Um dos mais notáveis exemplos da técnica é a recriação de uma esfinge de 530 a.C., com penas douradas e asas vermelhas e azuis, que faz parte do acervo do museu e agora pode ser admirada em todo o seu brilho original na mostra que ganhou o nome de Chroma — cor em grego. Também encantam os visitantes a frisa de guerra do chamado Sarcófago de Alexandre, do fim do século IV a.C., na qual 22 pigmentos identificados tingem de amarelo, vermelho e azul as vestimentas ornamentadas e até o interior dos escudos dos soldados persas, em contraposição ao nu idealizado dos macedônios, e os traços de tom dourado no entalhe de uma ânfora de 480 a.C., parte do acervo do Met.
Brinkmann espera que os principais museus do mundo sigam o exemplo e façam “escavações” em suas coleções para identificar as cores originais das obras e, assim, mudar o conceito estabelecido pelos estudiosos da arte ao longo do tempo, que fez da brancura um sinônimo de beleza. A ideia começou a ser cultivada no século XIV, quando os artistas do Renascimento criaram esculturas espetaculares sem uma gota de cor, já que eram inspiradas em obras antigas desgastadas pelo tempo. Na época, quando novas escavações desenterravam alguma estátua colorida, preservada do sol e da chuva, sua origem era invariavelmente atribuída a civilizações menos desenvolvidas. No século XVIII, Johann Winckelmann, o papa da história da arte, atribuiu uma estátua da deusa Ártemis com cabelo ruivo e sandálias vermelhas aos etruscos. Para ele,“quanto mais branco o corpo, mais bonito ele é”.

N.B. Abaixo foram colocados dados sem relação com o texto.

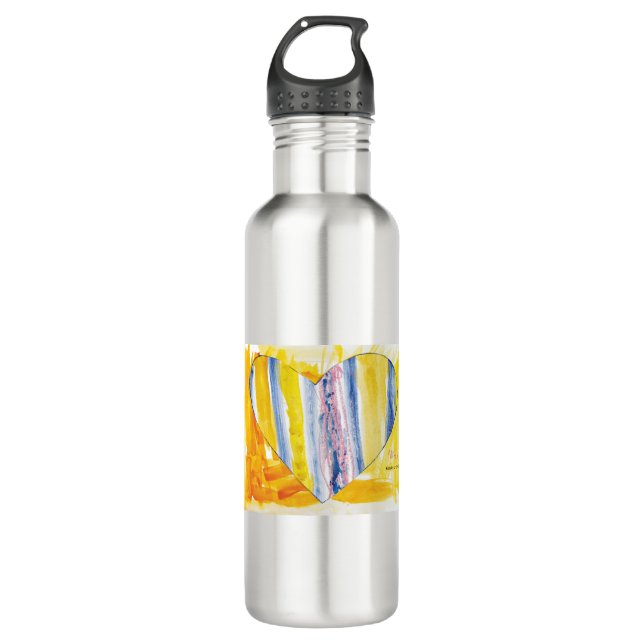 KidsArt für CHOC - Großes Herz Edelstahlflasche (Vorderseite)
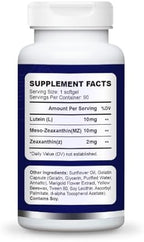 Herbal Bee Eye Supplement rear label showing ingredient dosage facts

A discussão estética ganhou contornos sociais e políticos, com o inevitável componente de preconceito. Em Teoria das Cores, o poeta e dramaturgo alemão Johann Wolfgang von Goethe (1749-1832) escreveu que “nações selvagens, indivíduos sem instrução e crianças têm uma grande predileção por cores vivas”, geralmente evitadas por “pessoas refinadas”. O fascismo e o nazismo do século XX resgataram o perfil apolíneo como padrão estético para defender a supremacia do homem branco. “Na Itália de Mussolini e na Alemanha de Hitler, artistas reinterpretaram o passado a fim de fabricar artificialmente um patrimônio superior da civilização europeia”, explica o historiador da arte Felipe Martinez, do Masp.

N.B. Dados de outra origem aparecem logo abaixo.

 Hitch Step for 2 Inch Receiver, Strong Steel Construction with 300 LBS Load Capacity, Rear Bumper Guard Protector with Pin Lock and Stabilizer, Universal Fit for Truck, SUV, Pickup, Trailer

A rejeição da contaminação pelas cores nas obras-primas da Antiguidade segue forte e presente no mundo das artes e a exposição do Met tem o declarado propósito de sacudir os argumentos dos céticos que, ainda hoje, questionam por que gregos e romanos passariam meses trabalhando com cinzel e martelo sobre um material tão belo quanto o mármore para, depois, cobri-lo com tinta. Ou ainda de rebater a crítica recorrente de que o trabalho do casal Brinkmann é kitsch, por causa dos tons vibrantes. “Fica cada vez mais impossível rejeitar que, na Grécia, a cor tinha associações poéticas positivas”, afirma David Batchelor, autor do livro Cromofobia. A sociedade contemporânea tem muito a aprender, se começar a enxergar o mundo com as cores do passado.